Embrapa Florestas, part of the Brazilian Agricultural Research Corporation (Embrapa) and Brazilian company Polli Fertilizantes Especiais are developing a nano-fertiliser to combat one of the biggest problems in agriculture: the very low nutrients absorption by plants.
According to Embrapa Florestas in most cases, more than 90% of fertilisers are wasted by the plant roots due to phenomena such as volatilisation, leaching and low absorption. The world NPK´s reserves are limited and non-renewable.
Thus, Embrapa Florestas has been investing in research to develop slow-releasing fertilisers, a technology that is to help helps improve nutrients utilisation by the soil, avoid waste and which could potentially reduce fertiliser costs for farmers.
Using nanotechnology Embrapa Florestas and Polli Fertilizantes Especiais intend to develop a biodegradable polymer of nano-particles for coating, protection and gradual release of fertilisers.

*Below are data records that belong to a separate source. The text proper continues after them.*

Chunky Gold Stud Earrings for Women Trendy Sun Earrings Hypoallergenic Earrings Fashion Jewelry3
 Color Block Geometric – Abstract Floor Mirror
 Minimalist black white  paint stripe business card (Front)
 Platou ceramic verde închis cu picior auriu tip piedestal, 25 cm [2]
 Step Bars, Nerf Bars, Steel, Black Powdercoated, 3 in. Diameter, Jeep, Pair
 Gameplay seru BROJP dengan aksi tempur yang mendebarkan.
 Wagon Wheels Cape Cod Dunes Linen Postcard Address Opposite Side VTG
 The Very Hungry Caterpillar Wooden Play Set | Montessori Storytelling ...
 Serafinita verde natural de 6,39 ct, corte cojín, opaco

The group is researching eucalyptus cellulose, calcium sulfate, calcium carbonate and alginate. According to Washington Magalhães, researcher at Embrapa Florestas, the laboratory phase demonstrates viability for the project.
“Now, in addition to testing formulations, we are going to scale up and take it to productive areas, in different agricultural and forestry crops, and also analyse their economic viability in large areas”, he said.
Thais Ramari, researcher at Polli Fertilizantes Especiais, said they overcame the biggest challenge. “We already have a product that, when compared to the conventional ones, has better solubility and moves easier through deep soil to reach the entire root system”.
Using Embrapa Floresta´s nano-particles methodology, the goal is to provide benefits that, currently, conventional fertilisers do not offer. Besides slow nutrients release, the product can prevent potassium losses by leaching, or nitrogen waste by volatilisation.
Releasing fertilisers in a slow, gradual and controlled manner means they are able to deliver nutrients at a desired rate and make them available to the crop for a longer period of time. “This will make fertilising more sustainable. Moreover, we are going to work with biodegradable raw materials, which makes the product more compatible with agro-sustainable systems”, said Francine Ceccon Claro of the Federal University of Parana, who will develop this research as part of her postdoctoral studies.